Nicolas Sarkozy mounted a defiant show of force in Paris on Tuesday, wresting the spotlight from traditional trade union May Day marches and vowing to fight to the last against François Hollande, his socialist challenger in Sunday’s presidential election.
In an impassioned address to tens of thousands of his conservative supporters, against a backdrop of the Eiffel Tower, Mr Sarkozy implored the crowd to use the last three days of campaigning to “explain, convince and mobilise” voters behind his re-election.
Invoking French heroes from Napoleon Bonaparte to Charles de Gaulle, he said he would battle “until the last second of the last minute” to beat Mr Hollande, who has led him in the polls for months.
Mr Sarkozy staged the rally, the biggest event of his campaign, in calculated defiance of the left’s dominance of May day, overshadowing a trade union march on the other side of the city attended by many senior Socialist party figures – although Mr Hollande himself carefully stayed away.
The rally came a day ahead of the only television debate of the campaign on Wednesday evening which Mr Sarkozy sees as an important opportunity to turn the tables on his opponent.
His Paris speech to a predominantly middle class crowd was a conservative call to arms, mixing evocations of France’s Christian roots and identity with warnings against the country’s vulnerability to the eurozone’s debt crisis.
“Look what’s happened in Greece and Spain.

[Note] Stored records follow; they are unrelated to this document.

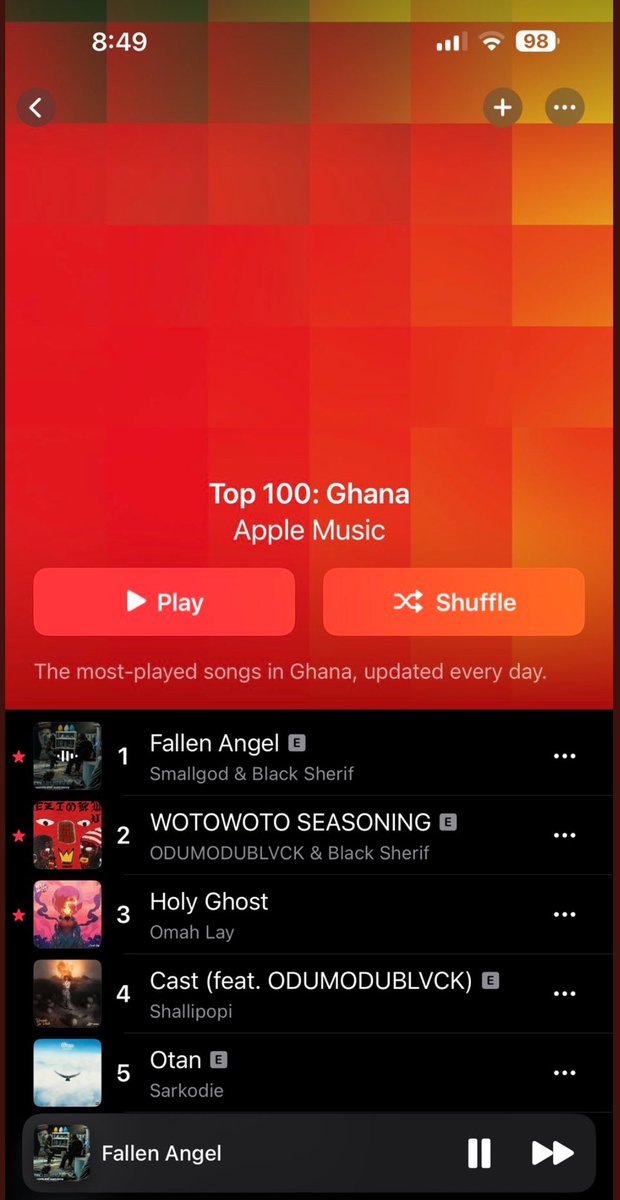 Fallen angel feat <a href="/blacksherif_/">IRON BOY</a> is no1 on <a href="/AppleMusic/">Apple Music</a> ghana 🙏🙏🙏🙏🙏 let’s keep pushing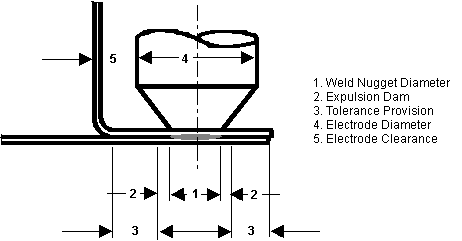 Diagram of typical components of flange width specification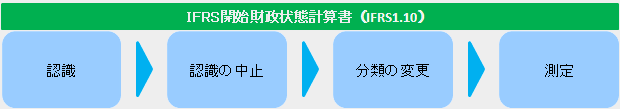 IFRS開始財政状態計算書の作成方法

Nobody wants that to happen in France,” he said.
Reviving his 2007 campaign rallying cry to “the French who rise early and work hard”, he said “we don’t want socialism” and called for a new French social model “where success is no longer regarded with suspicion and merit is rewarded”.
Mr Sarkozy noticeably toned down some of his more hard right campaign rhetoric, despite his need to attract a big chunk of the 6.5m voters who backed Marine le Pen, leader of the extreme right National Front, in the first round of the election.

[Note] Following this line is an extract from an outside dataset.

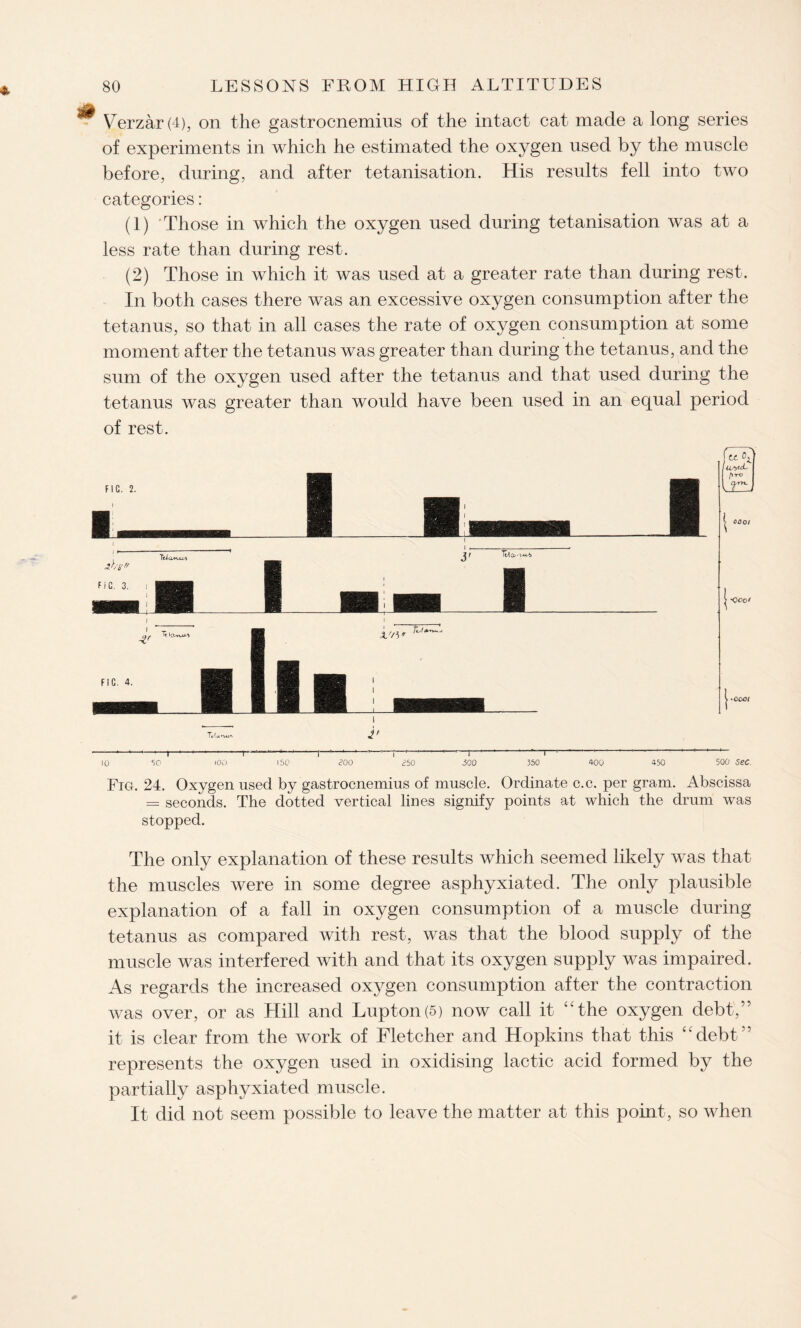 & - Verzar(4), on the gastrocnemius of the intact cat made a long series of experiments in which he estimated the oxygen used by the muscle before, during, and after tetanisation. His results fell into two categories: (1) Those in which the oxygen used during tetanisation was at a less rate than during rest. (2) Those in which it was used at a greater rate than during rest. In both cases there was an excessive oxygen consumption after the tetanus, so that in all cases the rate of oxygen consumption at some moment after the tetanus was greater than during the tetanus, and the sum of the oxygen used after the tetanus and that used during the tetanus was greater than would have been used in an equal period of rest. oooi ^ Ooo/ |•0001 Vt 1' 10 50 too 150 000 £50 I 300 350 400 450 500 sec Fig. 24. Oxygen used by gastrocnemius of muscle. Ordinate c.c. per gram. Abscissa = seconds. The dotted vertical lines signify points at which the drum was stopped. The only explanation of these results which seemed likely was that the muscles were in some degree asphyxiated. The only plausible explanation of a fall in oxygen consumption of a muscle during tetanus as compared with rest, was that the blood supply of the muscle was interfered with and that its oxygen supply was impaired. As regards the increased oxygen consumption after the contraction was over, or as Hill and Lupton(5) now call it “the oxygen debt,” it is clear from the work of Fletcher and Hopkins that this “debt” represents the oxygen used in oxidising lactic acid formed by the partially asphyxiated muscle. It did not seem possible to leave the matter at this point, so when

On Tuesday, Ms Le Pen refused to back Mr Sarkozy or Mr Hollande, telling thousands of her followers at an earlier Paris rally that she would cast a blank vote.
Relishing her kingmaker role since winning 17.9 per cent in the first round, Ms Le Pen said she had “no confidence” in either candidate. “On Sunday I will vote blank . . . Each one of you will make your own choice,” she declared.
Mr Hollande kept his distance from the trade union parade, travelling instead to Nevers, in central France, to visit the home of Pierre Bérégovoy, a distinctly moderate Socialist prime minister who committed suicide on May 1 in 1993.
In front of a cheering crowd of a few thousand in the square in front of Nevers’ Ducal Palace, the Socialist candidate said: “The next president must bring the country together because France is tired of what has been done to it in the last five years.”
He paid homage to “all the trade unionists in France” and poured scorn on Mr Sarkozy’s rally. “When there are 4m unemployed, who is defending the value of work and who is ruining it?” he said.
He also took aim at Mr Sarkozy’s lurch to the right in seeking support from National Front voters, accusing him of “raising the spectre of invasion” and claiming that the extreme right was not democratic. “The chief question is unemployment, purchasing power and fighting inequality,” he said.